● **Task description**:
Return exactly, with nothing added, the lines from the one that contains "Photo of Glasses" through the end of the listing below, pictures excluded.

● **Data**:
== Segment start ==

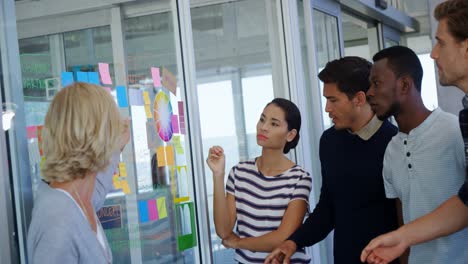 Team-of-executives-discussing-over-sticky-notes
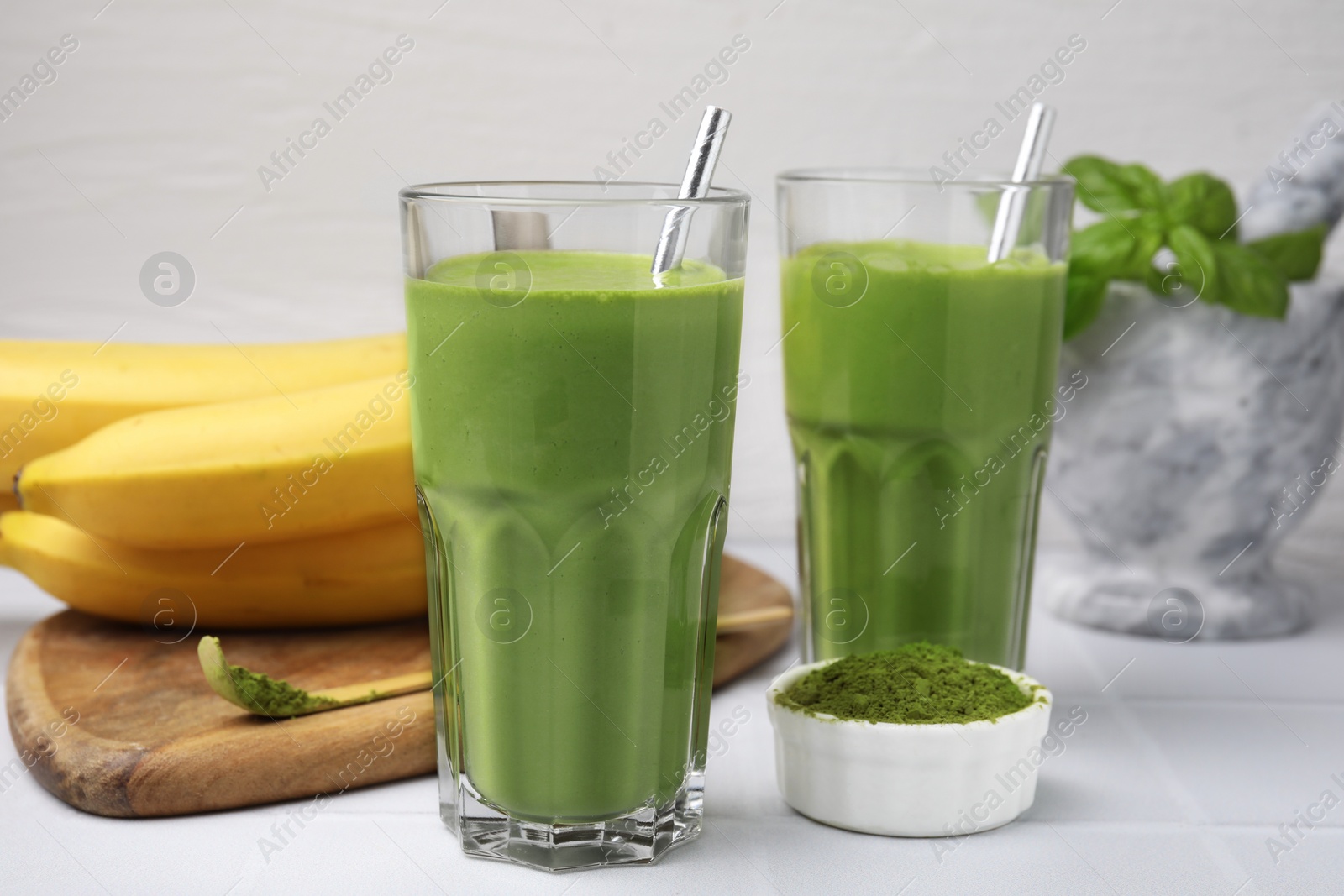 Photo of Glasses of tasty matcha smoothie and powder on white table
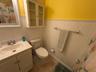 Bathroom with wainscoting, a shower with shower curtain, vanity, light tile patterned floors, and wood walls
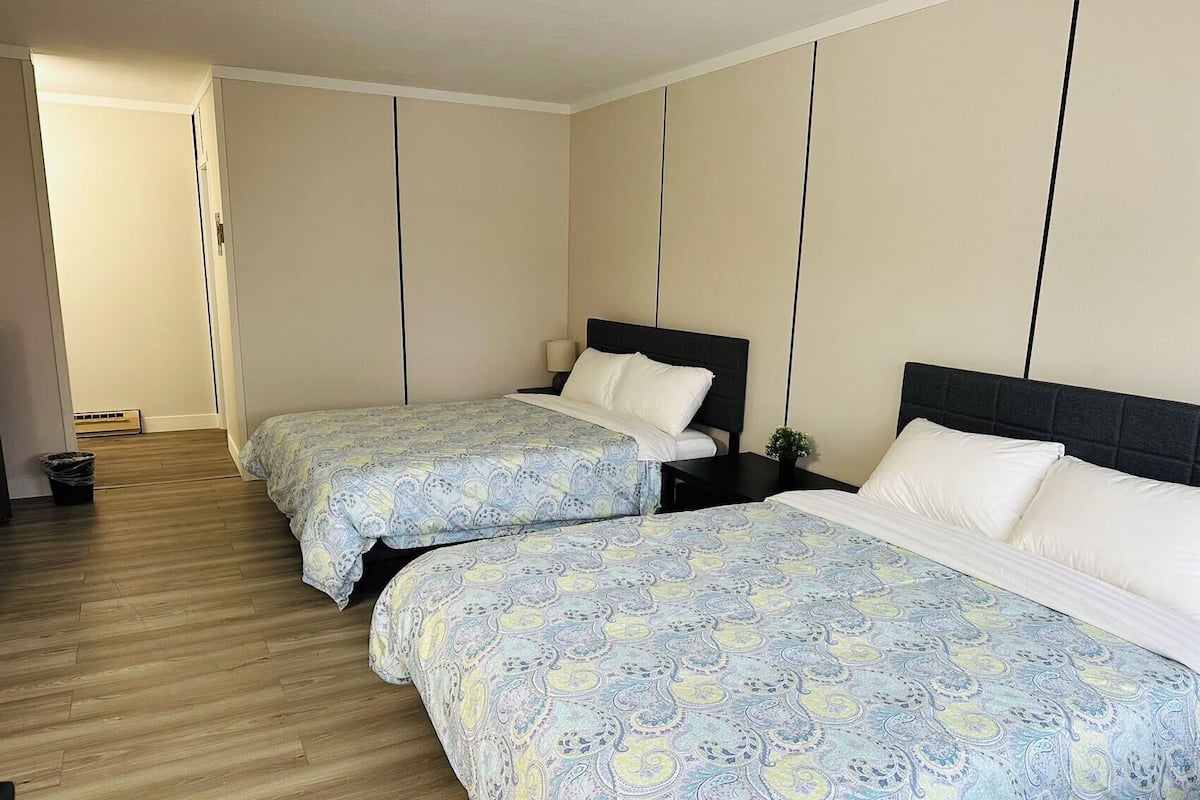 A hotel room with two beds, wooden flooring, and a simple, clean design.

== Segment end ==

● **Response area**:
 Photo of Glasses of tasty matcha smoothie and powder on white table
 Bathroom with wainscoting, a shower with shower curtain, vanity, light tile patterned floors, and wood walls
 A hotel room with two beds, wooden flooring, and a simple, clean design.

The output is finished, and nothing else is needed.